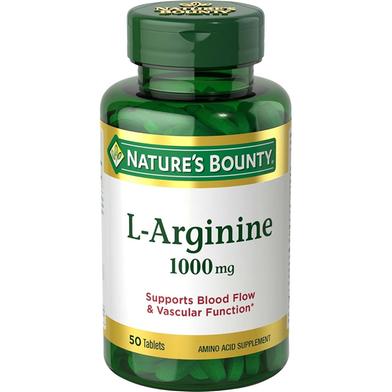 Nature's Bounty L-Arginine 1000 mg - 50 Tablets -326041921 image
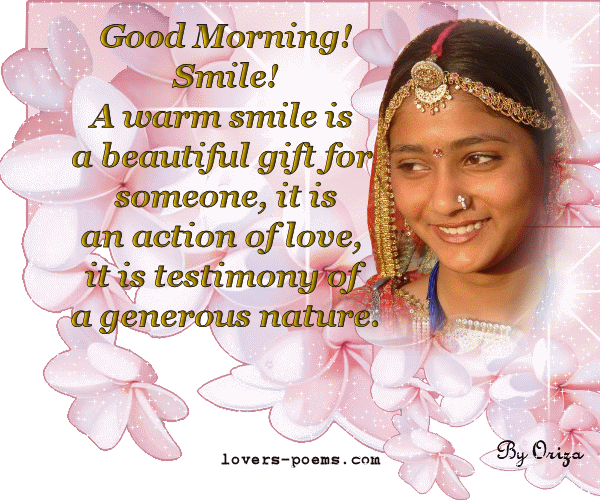 Gifs, Love Messages Good Morning! Smile!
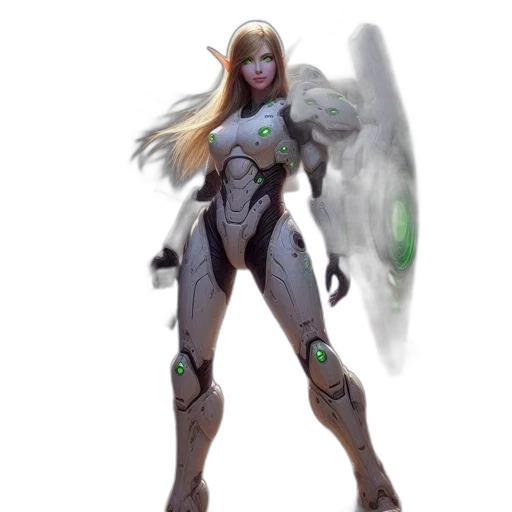 weapon, robot, concept art, fantasy art transparent PNG cut-out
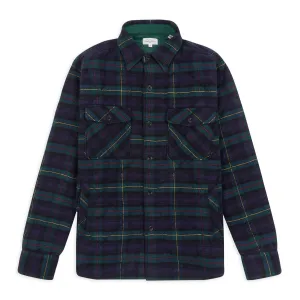 Hartford Peter Quilted Over Shirt - Tartan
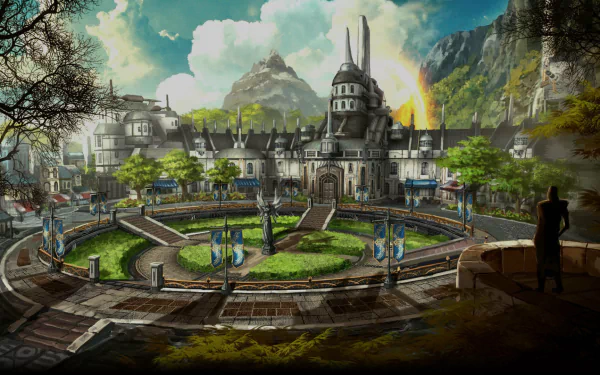 video game Divine Souls HD Desktop Wallpaper | Background Image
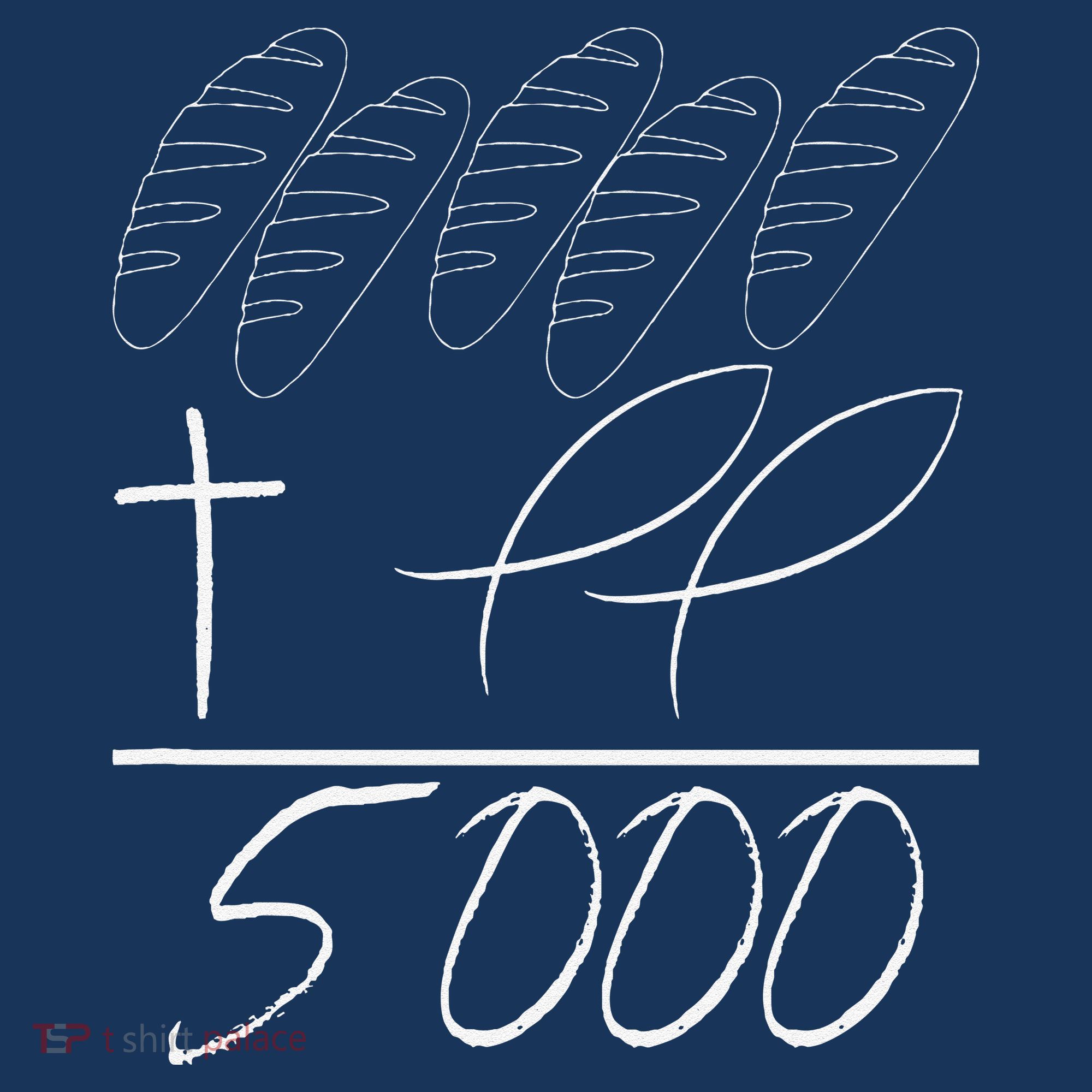 Jesus 2 Fishes 5 Breads 5000 Chosen Against The Current Women's Hoodie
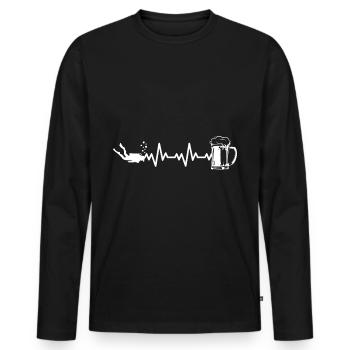 Scuba Diving Divers Diving - Men's Premium Organic Long Sleeve Shirt - black - Front - Nico (187cm)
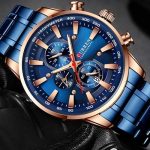 Кварцовий хронограф Curren 8351 Blue-Cuprum - Зображення 2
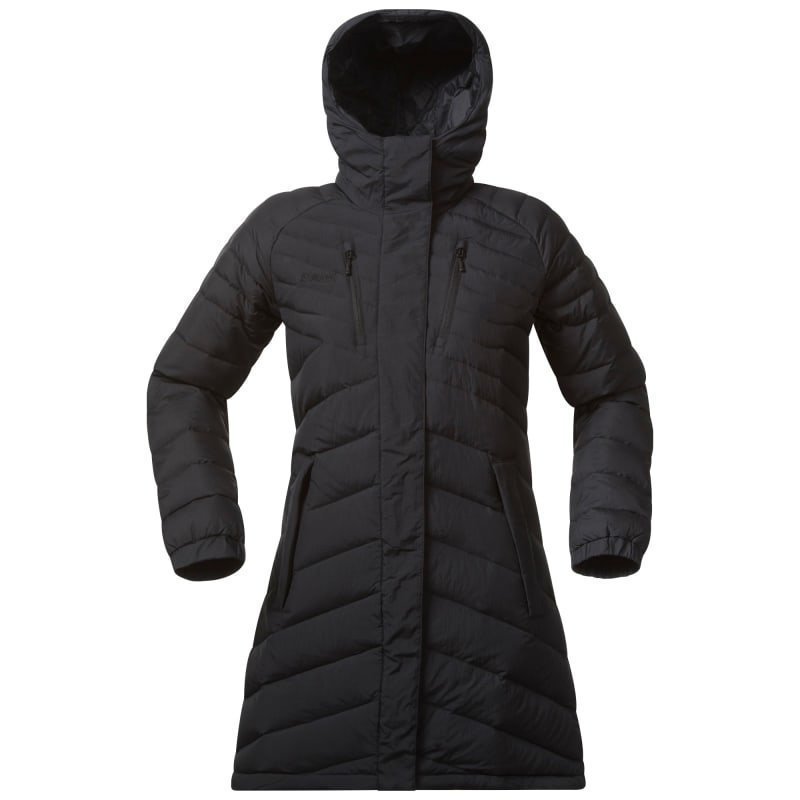 Bergans Svolvær Down Long Lady Jacket L Black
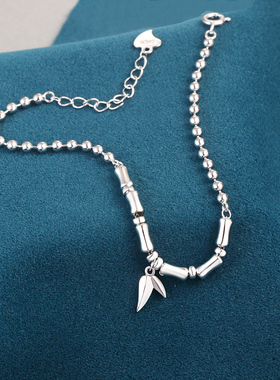 s925纯银高级感中国风竹节手链女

◇ ◇ ◇ ◇ ◇ ◇ ◇

* **Exercise details**
Repeat word for word the lines above, from the first entry through the line containing "Scuba Diving Divers", with both ends kept and the pictures dropped.

* **Result for this exercise**
 Nature's Bounty L-Arginine 1000 mg - 50 Tablets -326041921 image
 Gifs, Love Messages Good Morning! Smile!
 weapon, robot, concept art, fantasy art transparent PNG cut-out
 Hartford Peter Quilted Over Shirt - Tartan
 video game Divine Souls HD Desktop Wallpaper | Background Image
 Jesus 2 Fishes 5 Breads 5000 Chosen Against The Current Women's Hoodie
 Scuba Diving Divers Diving - Men's Premium Organic Long Sleeve Shirt - black - Front - Nico (187cm)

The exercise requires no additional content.